Ding Junhui believes more children will take up snooker in China after he won the UK Championship for the third time.

World number nine Ding is the highest ranked of the 23 Chinese players on tour, with four others in the top 32.

Snooker is so popular in mainland China that it is included on the sports curriculum in schools.

"They love to watch snooker and the young players in China fully support me," said Ding, 32, who reached world number one in 2014.

Ding outclassed Scotland's Stephen Maguire 10-6 for his 14th ranking title on Sunday, which came after two years without winning any silverware.

It followed his triumphs at the tournament in 2005 and 2009 to become only the fifth player to win the event on three or more occasions.

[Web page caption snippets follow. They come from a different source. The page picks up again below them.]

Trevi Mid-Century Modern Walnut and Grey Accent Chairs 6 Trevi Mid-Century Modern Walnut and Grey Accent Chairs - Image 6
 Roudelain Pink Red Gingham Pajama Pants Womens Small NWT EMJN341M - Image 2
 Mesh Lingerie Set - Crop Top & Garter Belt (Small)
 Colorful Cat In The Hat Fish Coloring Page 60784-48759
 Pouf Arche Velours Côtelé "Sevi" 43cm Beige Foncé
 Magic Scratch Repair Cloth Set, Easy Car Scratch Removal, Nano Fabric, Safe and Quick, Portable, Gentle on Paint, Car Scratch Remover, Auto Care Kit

The growth of snooker in China has meant a number of players have broken through to become professionals but none have come close to achieving Ding's level of success.

Yan Bingtao, 19, is the newest star to emerge from China, winning the season-opening Riga Masters. At the 2017 Northern Ireland Open, he came agonisingly close to beating Ronnie O'Sullivan's record as the youngest player to win a ranking event.

He added: "When they were little kids they wanted to be like me, they said 'Ding is a great player' and now five, 10 years later they are pros and playing against me so seeing them is great and it makes me happy."

Asked if more children will pick up a cue after seeing his latest victory, Ding replied: "Yes, I believe they will.

"Children might not know the sport yet but their parents love it and will make them play. They will get interested in snooker, and watch my games especially when I play well."

Ding had his brother-in-law and a couple of friends with him in York this week, as well as coach Django Fung, who he credits turning his form around having worked with him for just six weeks.

But he headed back to Sheffield, where he lives with his family, with one regret.

"I wish my wife and daughter could have lifted the trophy with me," he said.

"Nobody knows who is going to win so I will make sure they are here next time. My life is going great, I have a lot of fun with my daughter and losing matches is not so important now.

"Before when I used to lose, it felt like the whole world had ended but now with my new life I want to go home after practice and with my daughter I can forget everything that happens in snooker."